The finding of particle research could break the laws of physics

Meanwhile, a group of 170 experts known as the Muon g-2 Theory Initiative published in 2020 a new consensus value of the theoretical value of the magnetic moment of muon, based on three years of workshops and calculations using the standard model. That response reinforced the original difference Brookhaven reported.

Aida X. El-Khardra, a physicist at the University of Illinois and co-chair of the Muon g-2 Theory Initiative, reached by telephone on Monday, saying she did not know the result that Fermilab would announce two days later – and she did not want to, so she would not be tempted to wallow in a lecture scheduled just before the official unveiling on Wednesday.

“I have not yet had the feeling of sitting on hot coals,” said dr. El-Khadra said. “We’ve been waiting a long time for this.”

On the day of the Fermilab announcement, another group, using a different technique known as a grid calculation, used to calculate the magnetic moment of the muon, that there was no difference between the Brookhaven measurement and the Standard Model.

“Yes, we claim that there is no contradiction between the standard model and the Brookhaven result, no new physics,” said Zoltan Fodor of Pennsylvania State University, one of the authors of a report published in Nature on Wednesday. .

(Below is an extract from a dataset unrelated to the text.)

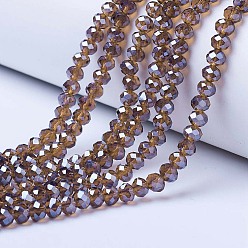 Sienna Electroplate Glass Beads Strands, Pearl Luster Plated, Faceted, Rondelle, Sienna, 8x6mm, Hole: 1mm, about 65~72pcs/strand, 15.7~16.1 inch(40~41cm)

Dr. El-Khadra, who was familiar with the work, called it a “wonderful calculation, but not conclusive.” She noted that the calculations involved were terribly complicated, and that they had to take into account all possible ways in which a monk could communicate with the universe, and required thousands of individual sub-calculations and hundreds of hours of supercomputer time.

According to her, these grid calculations should be checked against independent results of other groups to rule out the possibility of systematic errors. For now, the calculation of the Theory Initiative remains the standard by which the measurements are compared.